Robotic manipulation policies are currently limited by their inability to extrapolate beyond their training data. While these policies can adapt to new situations, such as different object positions or lighting, they struggle with unfamiliar objects or tasks, and require assistance to process unseen instructions.
Promisingly, vision and language foundation models, like CLIP, SigLIP, and Llama 2, have displayed exceptional generalization capabilities due to training on large-scale internet datasets. However, the most extensive robotic manipulation datasets contain between 100K to 1M examples, an insubstantial amount compared to vision and language pretraining.
Existing strategies include Visually-Conditioned Language Models (VLMs), Generalist Robot Policies, and Vision-Language-Action Models (VLMs). Among these, VLMs stand out, being used in robotics for tasks such as visual state representations, object detection, and high-level planning.
A new standard has been set for robotic manipulation policies with OpenVLA, a 7B-parameter open-source Vision-Language-Action model. Developed by researchers from multiple esteemed institutions, OpenVLA incorporates a pre-trained visually-conditioned language model backbone, providing detailed visual analysis. It fine-tuned on a comprehensive dataset of 970k robot manipulation trajectories from the Open-X Embodiment dataset. Impressively, OpenVLA outperforms the previous leading model, the 55B-parameter RT-2-X, by 16.5% in absolute success rate across 29 tasks on the WidowX and Google Robot platforms.
OpenVLA performs better than fine-tuned pre-trained policies like Octo across seven diverse manipulation tasks. During the pre-training phase, actions are predicted through a “vision-language” setup, where an input observation image and a natural language task instruction are linked to a sequence of predicted robot actions.
Notably, the Diffusion Policy was found to match or surpass the performance of the Octo and OpenVLA with single-instruction tasks like “Put Carrot in Bowl” and “Pour Corn into Pot”. However, for more complex tasks requiring language instructions, pre-trained generalist policies demonstrated superiority. With OpenX pre-training, Octo and OpenVLA models were better equipped to handle diverse tasks, with OpenVLA being the only model to consistently achieve at least a 50% success rate across all tested tasks.

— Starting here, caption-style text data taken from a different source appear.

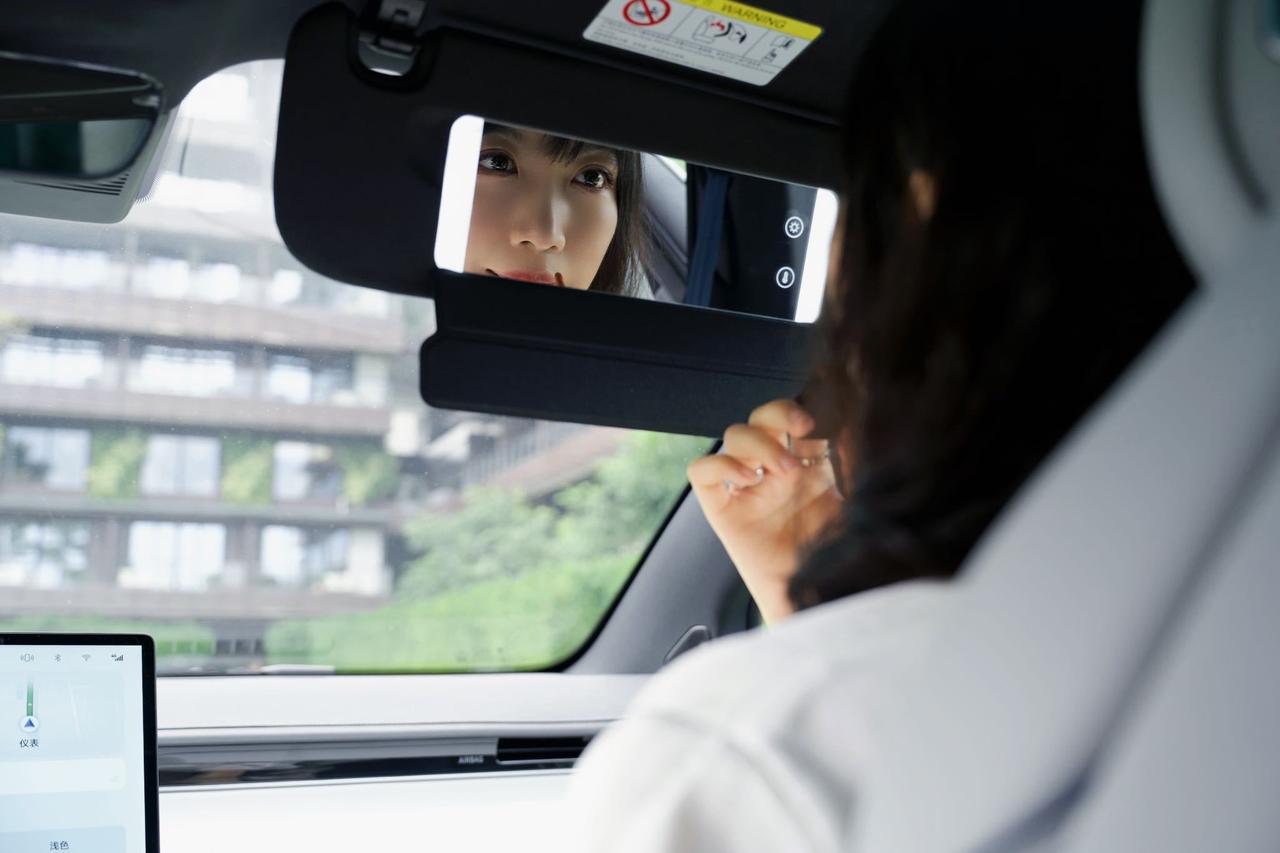 秋冬试驾智界！仪表台补妆不冻手太香
之前在公司趴桌午休，醒来手麻得连手机都握不住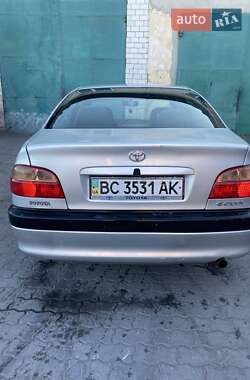 Седан Toyota Avensis 2002 в Львове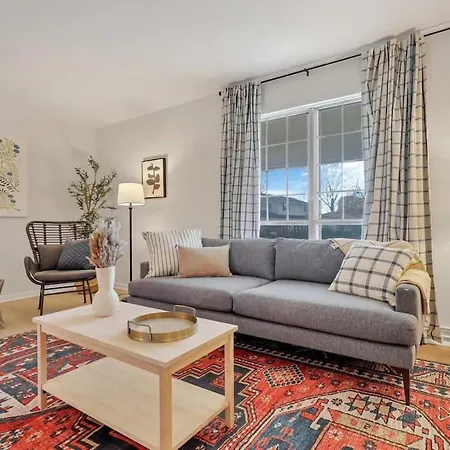 Gahanna Farmhouse - 4 Bed 2 Bath - Intel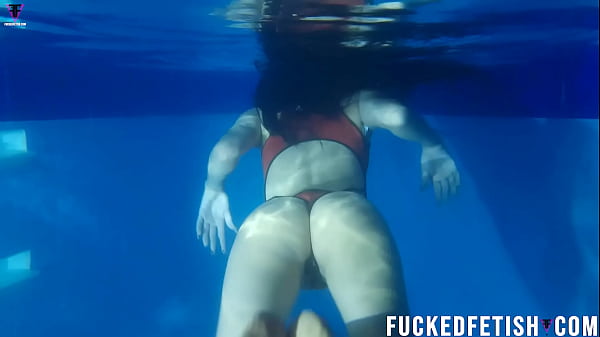 Helen Bintang, Pakaian Renang Seksi Malam Hari, Apnea Di Kolam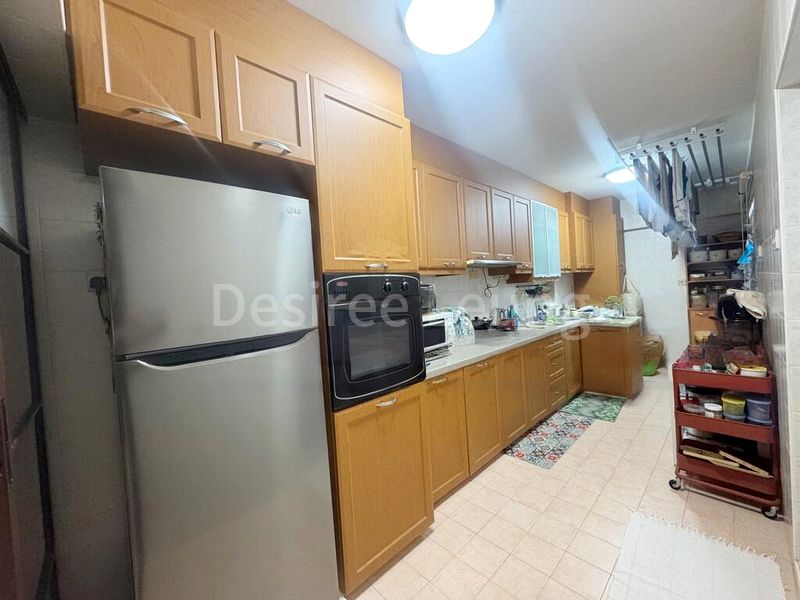 Executive HDB for Sale in 115 Edgefield Plains - Image 5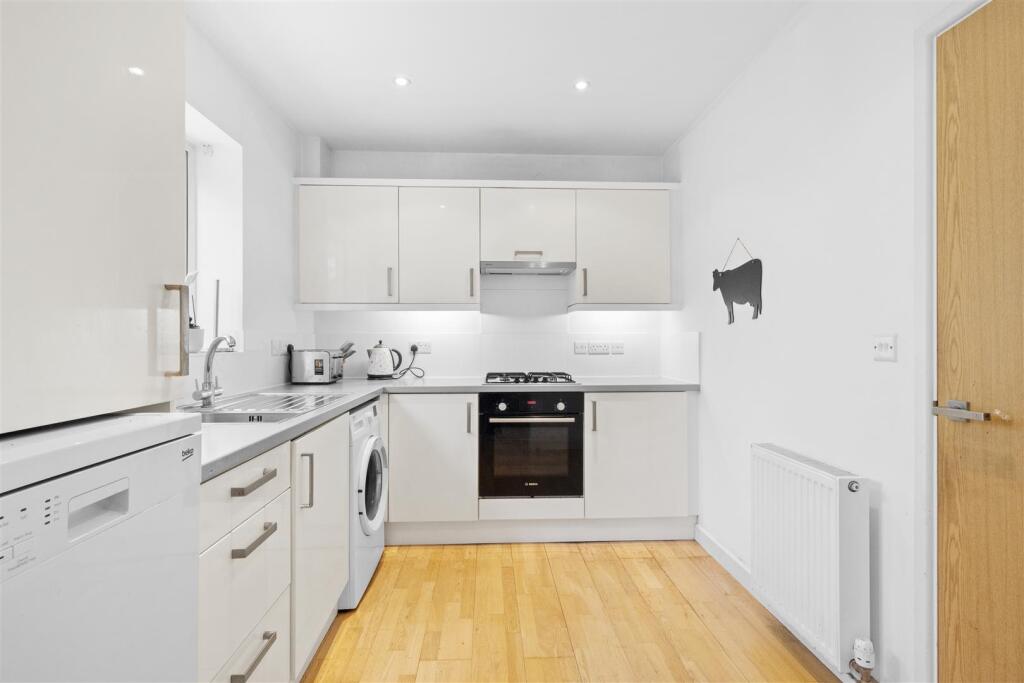 Redcroft Way, Polegate photo 2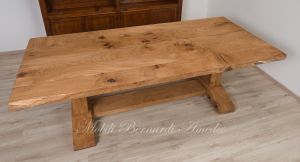 Tavolo tipo fratino in legno massello di rovere piallato con nodi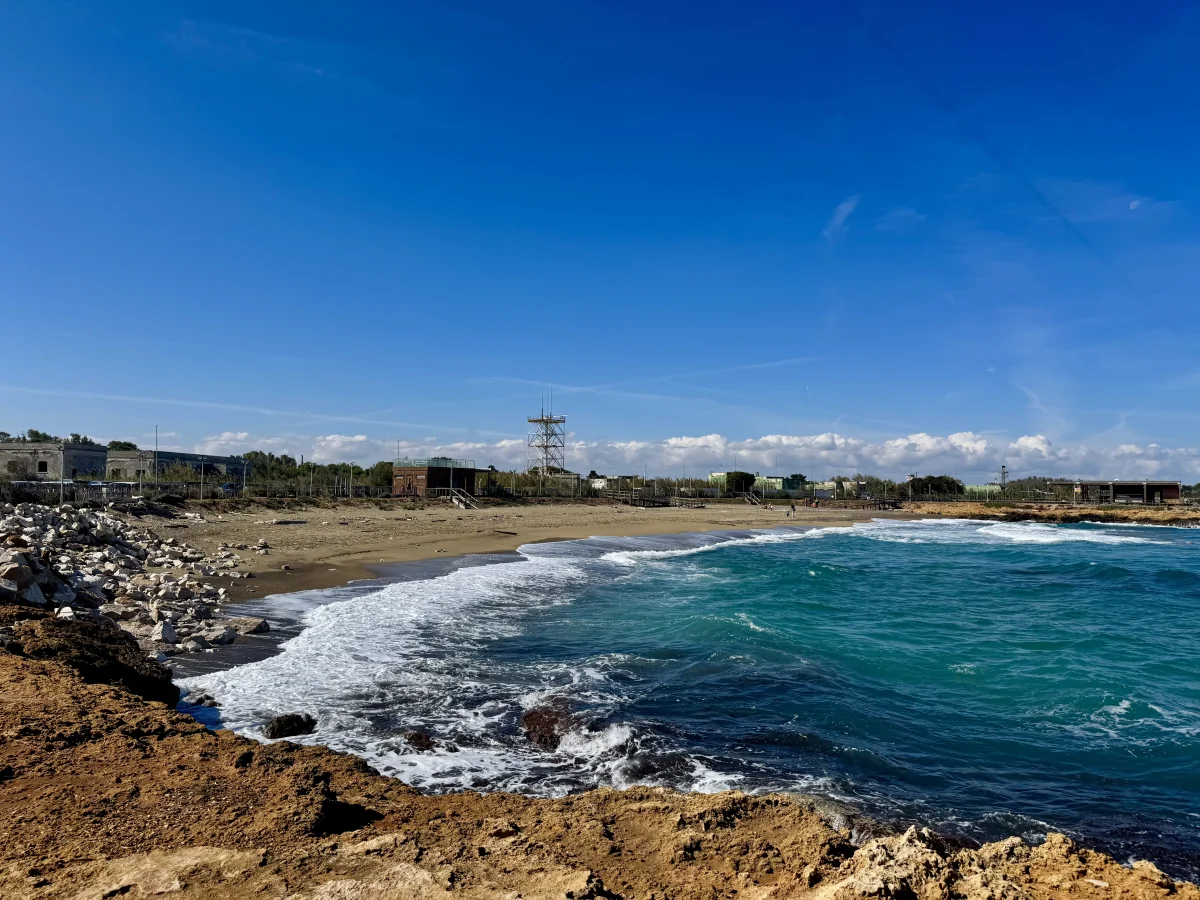 Cala Materdomini Beach - фото достопримечательности 1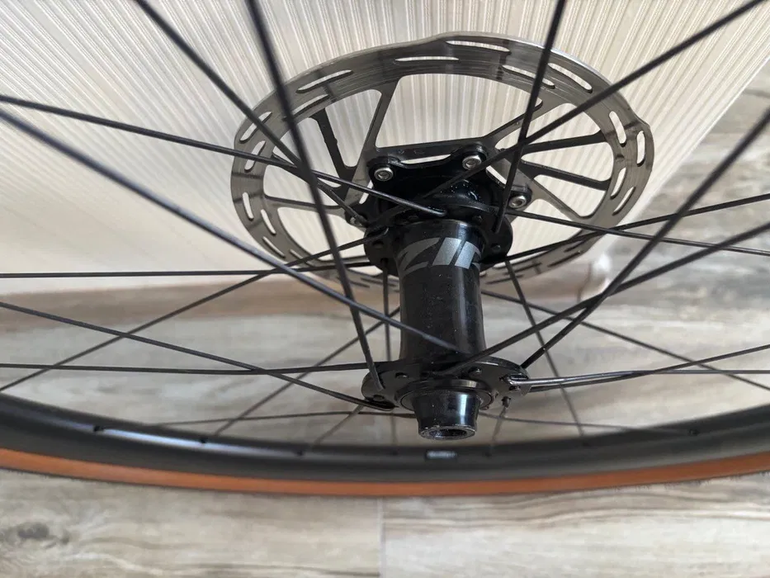 Used Zipp 303s 700c 2024 bike — image 5 of 5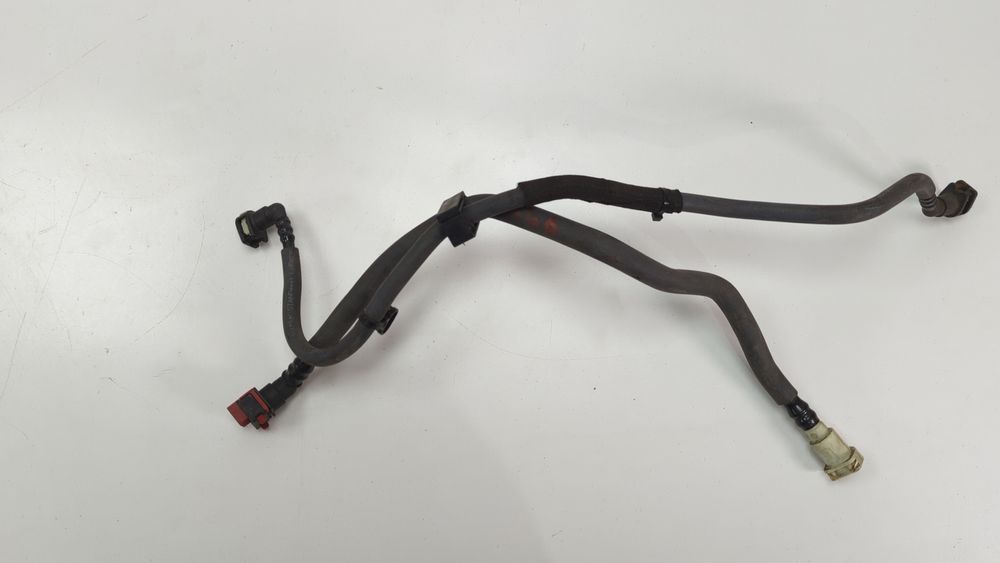Шланг паливної системи Jeep Cherokee 2014-2018 (KL) 68217166AA 1034927 фото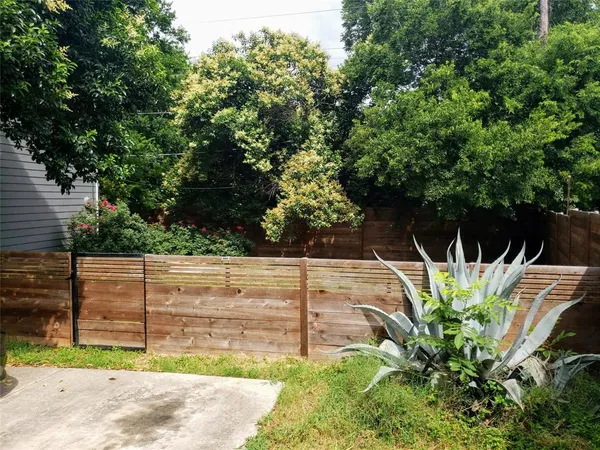 $2,250 | 7304 Grand Canyon Drive, Austin, TX 78752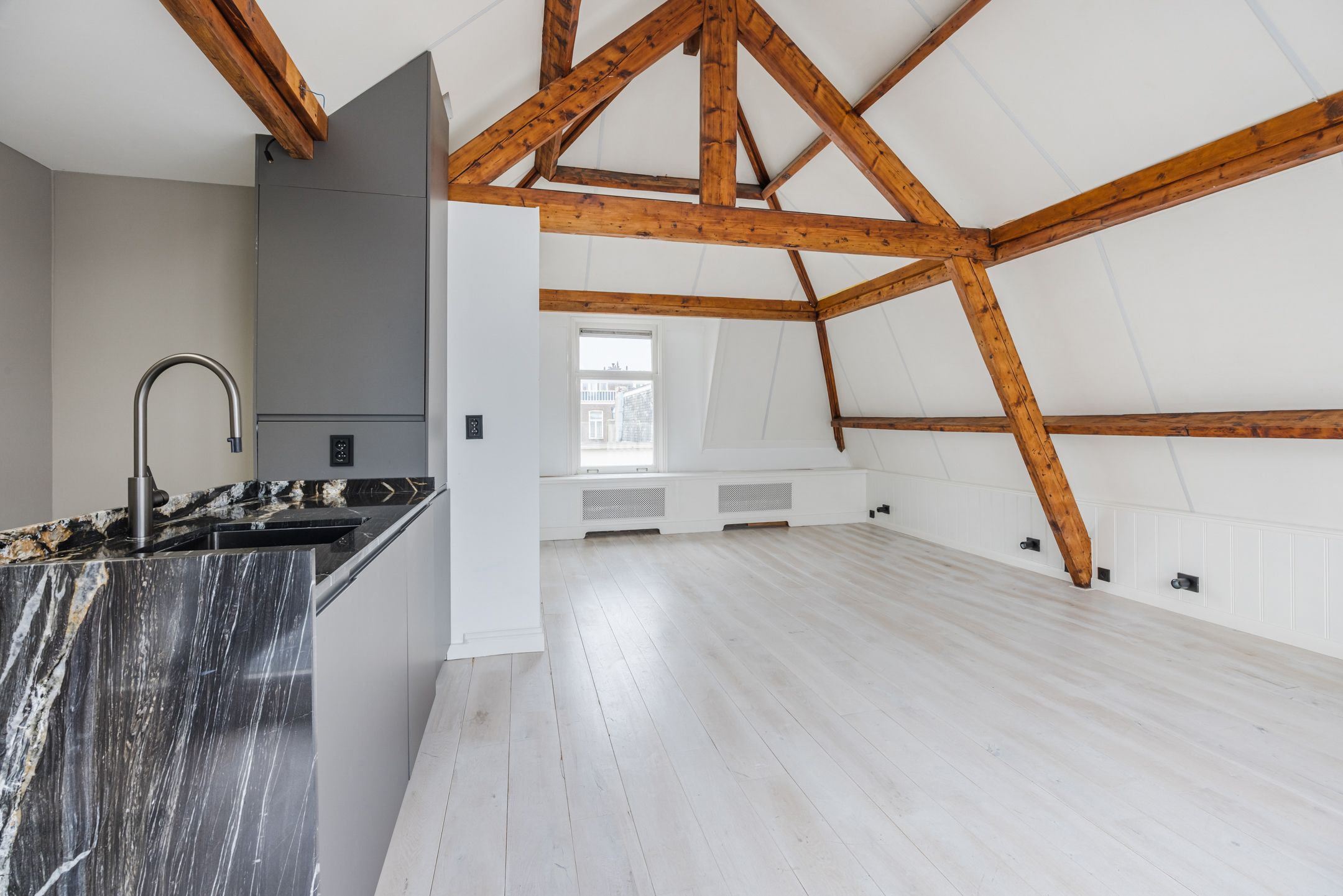 Foto 45 van 2e Van Blankenburgstraat 103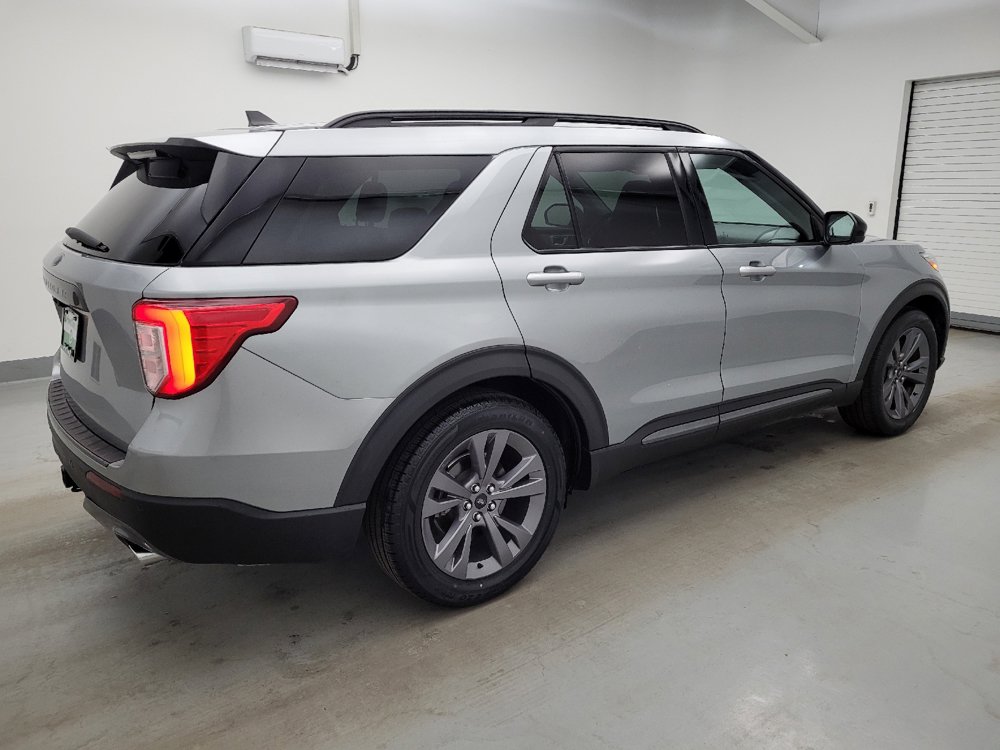 Used 2022 Ford Explorer XLT w/ Equipment Group 202A RWD image 10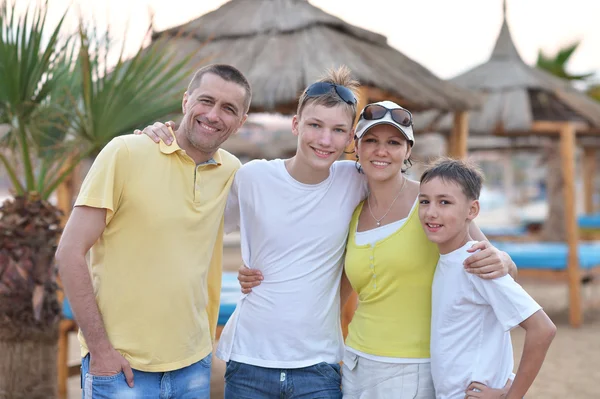 Familjen på tropical resort. — Stockfoto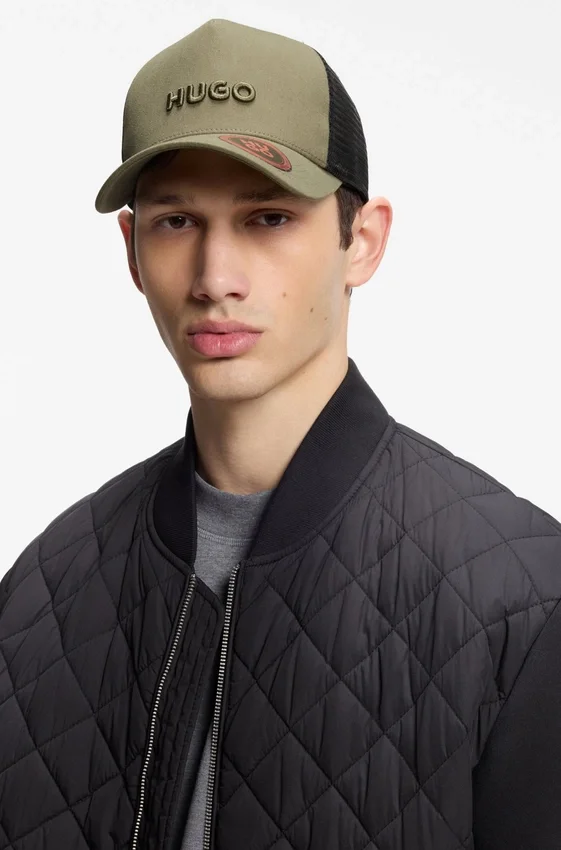 Mesh-panel cap in cotton twill Mesh-panel cap in cotton twill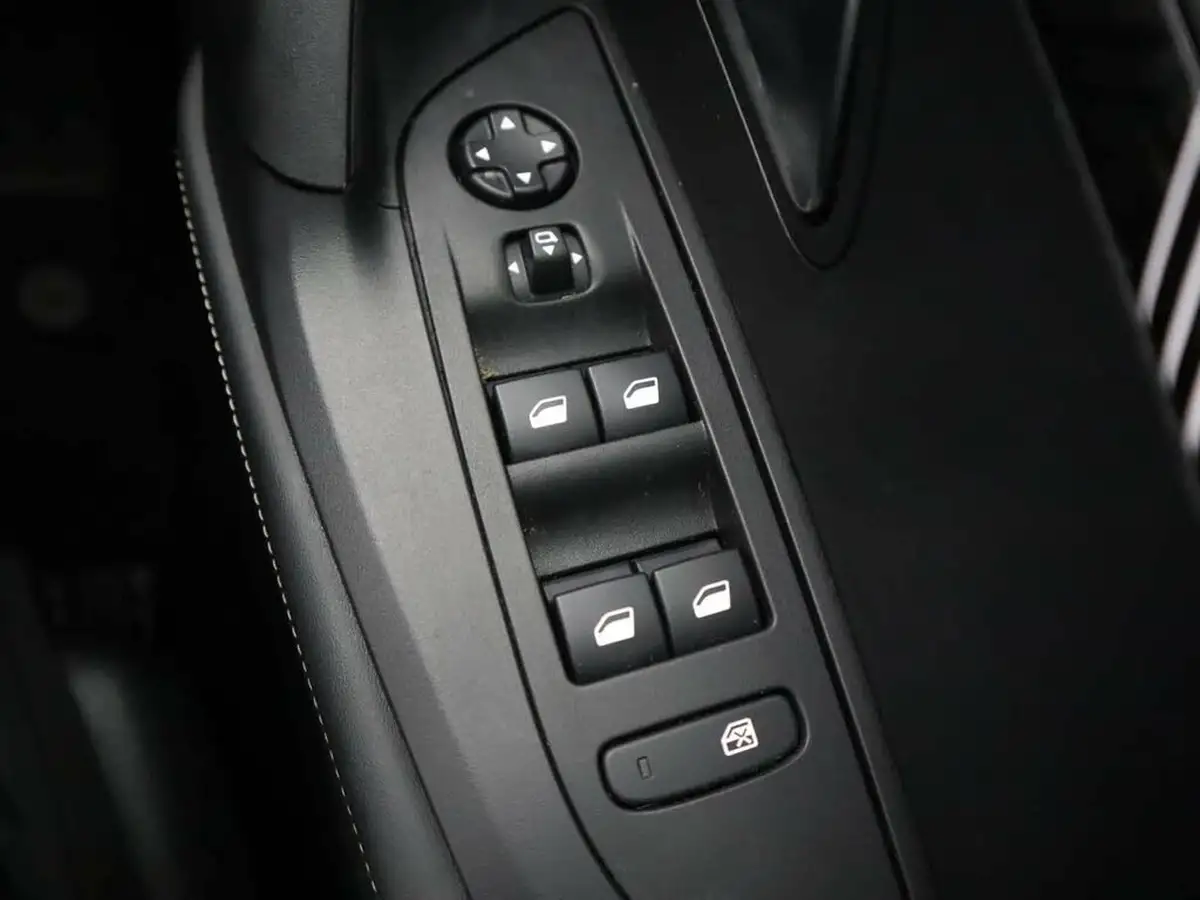 2024-peugeot-2008-suv-e-allure-136ps-50kwh-big-25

In summary, OpenVLA, a new open-source model for vision-language-action tasks, sets a novel precedent in the robotics field. Capable of controlling a broad spectrum of robots, it performs strongly in a diverse range of tasks. The model can be easily adapted to new robotic setups and is especially suitable for imitation learning tasks that involve a variety of language instructions. Drawbacks include its single-image observation limitation, which presents an opportunity for future development to support multiple image and proprioceptive inputs, and observation history.